Salı Mayıs 21, 2024

Özel Mülkiyetin Dayanılmaz Çekiciliğinde Kadına Yaklaşımın Küçük Burjuva Hafifliği

Kapitalist (ve pre kapitalist) toplumlarda, özel mülkiyetli ekonomik toplumsal yapının; ideolojik, politik ve genel anlamda kültürel belirleyiciliği tartışma götürmez. Düşünceler, davranışlar, etiksel anlayışlar bu minval üzerinde şekillenir ve gelişir.

 Bu toplumsal yapı,  çelişmeler yumağı ile örülmüştür. Toplum içindeki çelişmelerde özdeşlik içerenler olduğu gibi bunu içermeyenlerde vardır.
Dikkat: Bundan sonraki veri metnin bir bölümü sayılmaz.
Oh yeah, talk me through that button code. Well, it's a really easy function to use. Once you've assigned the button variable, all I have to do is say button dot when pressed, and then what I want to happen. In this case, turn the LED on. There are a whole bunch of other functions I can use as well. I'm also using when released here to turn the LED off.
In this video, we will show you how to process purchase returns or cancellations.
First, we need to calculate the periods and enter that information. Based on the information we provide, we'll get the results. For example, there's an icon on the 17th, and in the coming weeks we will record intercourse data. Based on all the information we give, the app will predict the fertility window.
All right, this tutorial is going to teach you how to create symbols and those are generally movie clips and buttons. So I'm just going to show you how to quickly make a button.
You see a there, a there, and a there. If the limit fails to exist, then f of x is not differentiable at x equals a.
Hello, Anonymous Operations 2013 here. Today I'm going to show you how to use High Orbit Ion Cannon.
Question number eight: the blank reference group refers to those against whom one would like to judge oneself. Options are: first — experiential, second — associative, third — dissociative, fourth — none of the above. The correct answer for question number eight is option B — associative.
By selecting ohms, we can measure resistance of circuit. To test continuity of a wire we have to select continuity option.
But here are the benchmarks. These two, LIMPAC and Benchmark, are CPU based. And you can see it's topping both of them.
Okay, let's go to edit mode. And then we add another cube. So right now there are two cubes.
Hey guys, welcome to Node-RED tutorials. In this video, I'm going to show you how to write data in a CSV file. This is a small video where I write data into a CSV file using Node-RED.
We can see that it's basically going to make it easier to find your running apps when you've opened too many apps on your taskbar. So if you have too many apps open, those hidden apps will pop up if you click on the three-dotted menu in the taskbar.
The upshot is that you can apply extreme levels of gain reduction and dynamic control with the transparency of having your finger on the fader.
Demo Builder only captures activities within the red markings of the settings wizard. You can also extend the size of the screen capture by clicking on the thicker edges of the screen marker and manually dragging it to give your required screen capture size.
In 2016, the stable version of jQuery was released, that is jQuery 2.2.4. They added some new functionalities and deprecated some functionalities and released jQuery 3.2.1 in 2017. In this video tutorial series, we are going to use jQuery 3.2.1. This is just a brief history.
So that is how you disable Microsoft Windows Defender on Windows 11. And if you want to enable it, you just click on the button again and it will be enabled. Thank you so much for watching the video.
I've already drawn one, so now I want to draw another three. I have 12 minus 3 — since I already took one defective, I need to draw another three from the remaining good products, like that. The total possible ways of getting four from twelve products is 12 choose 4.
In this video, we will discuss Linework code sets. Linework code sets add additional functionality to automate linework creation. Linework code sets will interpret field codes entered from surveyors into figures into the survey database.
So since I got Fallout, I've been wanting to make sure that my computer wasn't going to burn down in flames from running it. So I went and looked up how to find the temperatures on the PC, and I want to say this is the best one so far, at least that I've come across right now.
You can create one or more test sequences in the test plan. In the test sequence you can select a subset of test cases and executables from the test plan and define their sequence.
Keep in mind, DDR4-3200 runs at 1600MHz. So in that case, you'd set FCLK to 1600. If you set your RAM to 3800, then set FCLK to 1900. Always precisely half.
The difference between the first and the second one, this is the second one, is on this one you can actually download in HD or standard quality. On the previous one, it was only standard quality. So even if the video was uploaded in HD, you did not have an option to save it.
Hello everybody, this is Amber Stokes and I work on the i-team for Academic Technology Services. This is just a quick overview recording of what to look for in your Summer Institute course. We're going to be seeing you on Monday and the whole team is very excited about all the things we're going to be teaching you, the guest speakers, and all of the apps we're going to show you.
Ve her çelişmenin kendi zıttı ile olan mücadelesinde bir çözümü, ve bu toplumun ileriye dönüşümünü sağlayacak bütün çelişmelerinde çözümünü üretecek temel bir çelişme, emek sermaye çelişmesi vardır. Bu temel çelişme, kapitalist toplumun esas olarak kalın çizgilerle ayrılmış iki sınıflı toplum olmasıyla doğrudan bağlantılıdır.

Kadın, sınıflara bölünmüş toplumsal yapı içinden bağımsız değil, tersine aynı şekilde bu sınıfların birer üyesi olarak bu toplumun bileşenleri arsında yer alırlar. Bu anlamda, kadını sahip olduğu sınıf bağlamından ve tek bir sınıfsal yapı olarak  ayrı ele almak, daha baştan kadının kurtuluşu sorununa bakışın yanlışlığını ve ezilen kadının kurtuluşu önündeki bariyer yeniden kalınlaştırılmış olur.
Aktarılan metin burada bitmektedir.